One aspect of mental wellness is having positive social relationships. Even when your children are little, you can encourage them to cultivate healthy relationships with family members, caregivers, and friends. What you teach them about relationships now will form how they view social interactions in the future.
Why are positive social relationships so important for children? More importantly, what can you do to teach your kids about developing positive relationships for the well-being of their mental health?
Why Socialization is Important
Teaching your kids the importance of positive socialization at a young age will reap lifelong benefits. By interacting with other children, your little ones will:
- Develop a greater sense of who they are
- Learn about problem-solving
- Learn how to set boundaries
- Learn to have empathy for others
Being around other people will allow your children to consistently grow in their social development. But, healthy adult relationships are just as important. When your children have caring adults in their lives, they’ll be more likely to develop secure attachments. They’ll have a greater sense of being valued and worthy of love. That might seem like a small thing now, but it’s crucial for your children’s proper development, and can help them become well-adjusted adults who are independent and confident.
You can do your part as a parent by setting aside time each day to give your full attention to your little one – no phones, televisions, or other distractions. The social relationship between you and your child will likely be the first one they experience. Commit to being a healthy model for them so they know what to expect and how to act when they interact with others outside the home.
Creating Socialization Habits
There are plenty of ways to teach your kids about developing positive social relationships. Thanks to advancements in technology, they can connect with family members and friends from just about anywhere. If you’re not sure how to get started with these habits, try some of the following ideas:
- Using Skype or Zoom to catch up with loved ones
- Setting up “grandparent days” for your kids
- Walking through the neighborhood and saying hello to people they know
- Signing them up for a class or club
- Having friends or family members over for dinner
When you create socialization habits in your children, they’ll have a stronger sense of well-being. Studies have shown that kids who enjoy close friendships in their early years tend to have lower rates of anxiety and depression than adults. Healthy relationships can even lead to a longer lifespan.
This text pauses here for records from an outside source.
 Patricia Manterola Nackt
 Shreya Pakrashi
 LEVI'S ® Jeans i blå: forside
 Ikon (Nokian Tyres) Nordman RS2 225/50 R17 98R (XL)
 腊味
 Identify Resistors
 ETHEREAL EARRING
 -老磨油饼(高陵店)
Don’t be afraid to follow the natural interests and tendencies your child already has when you’re trying to create stronger socialization habits. Do they have a particular hobby? Try to connect them with family members or friends who share those interests. Do they enjoy sports? Sign them up for a team! By utilizing the things your children already enjoy, they’ll be more comfortable interacting with others and growing stronger relationships based on common ground and interests.
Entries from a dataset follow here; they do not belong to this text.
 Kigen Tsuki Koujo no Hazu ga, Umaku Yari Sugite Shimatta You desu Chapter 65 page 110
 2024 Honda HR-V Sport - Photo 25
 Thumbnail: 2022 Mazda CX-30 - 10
How to Foster Positive Relationships With Different Groups of People
Developing socialization habits in your children is about more than encouraging them to talk to people they know. It’s about teaching them how to form positive social relationships with almost anyone.
Children need to know that we live in a diverse world, and everyone communicates differently. For example, many people are neurodiverse – they have a range of neurological differences. It’s estimated that 15-20% of the population is neurodiverse, many with conditions like autism, dyslexia, or ADHD. Some neurodiverse individuals don’t speak much, while some are completely nonverbal and have to communicate in other ways.
Teaching your children the importance of positive social relationships between neurodiverse and neurotypical people will help them with their communication efforts for the rest of their lives. When your children recognize that not everyone communicates the same way, they’ll be more likely to adapt to different situations. More importantly, they’ll learn how to be empathetic, and less stressed over “differences.”
As you can see, the benefits of positive social relationships for kids are seemingly endless. Positive relationships will boost their self-esteem and their sense of worthwhile teaching them how to interact with different groups of people. With so much evidence pointing toward the mental health benefits of positive social relationships, it’s never too early to start forming these habits in your children, so they can enjoy the benefits now, and as they grow into teens and adults.